Keywords: Anticancer, cisplatin, neurotoxicity, pistachio, vincristine
INTRODUCTION
The toxic effects of some anticancer drugs have been reported on the peripheral and central nervous systems.[1] Cisplatin and vincristine are two effective antitumor agents with a wide spectrum of activity against various solid tumors. However, their clinical application is limited due to their physiological adverse effects such as nephrotoxicity, neurotoxicity, ototoxicity, and vomiting.[2,3,4,5,6,7] A promising way for the prevention of these physiological side effects is through dietary intervention. Relative to other nuts, pistachios are a rich source of antioxidants[8,9] and phenolic compounds.[10,11] These nuts are consumed largely for their nutritional and health management properties.[12] They are the only nut that contains anthocyanin, the pigments responsible for the color of several fruits and vegetables.[11] It has been shown that anthocyanins possess some antioxidant, antiinflammatory, and anticarcinogenic properties. Moreover, among all the nuts pistachios are one of the most diverse sources of antioxidants including lutein, β-carotene, vitamin E (g-tocopherol and α-tocopherol), and selenium.[8,9] In addition, pistachios are a good source of flavonoids, and the protective effects of flavonoids and tocopherol consumption on cisplatin-induced neurotoxictiy (without changing its antitumor activity) have been reported previously.[13,14,15,16,17]

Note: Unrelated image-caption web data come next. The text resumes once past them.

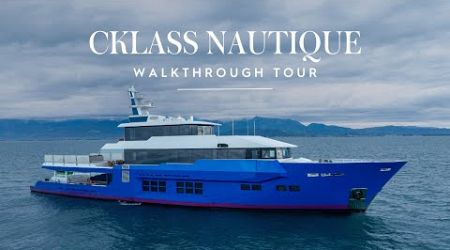 CKLASS NAUTIQUE | 45.4M / 149&#39;01&quot;, Niigata - Yacht for sale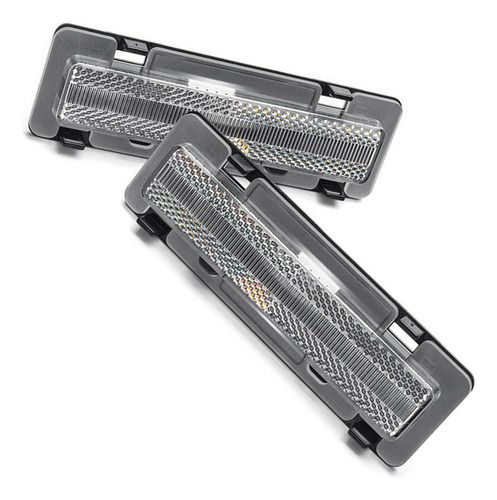 1 Par De Luces Laterales Delanteras For Chevy Camaro Firebi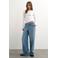 TOPSHOP longsleeve wit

It has been reported that the treatment of patients who received cisplatin with vitamin E could decrease the incidence and intensity of peripheral neurotoxicity.[18] Furthermore, lutein can improve antioxidant capacity and inhibits DNA and chromosome damage induced by cisplatin.[19] Pistachio possesses arginine which has been reported to significantly increase the histopathological responses in vincristine chemotherapy in patients with initial breast tumors (less than 6 cm in diameter).[20]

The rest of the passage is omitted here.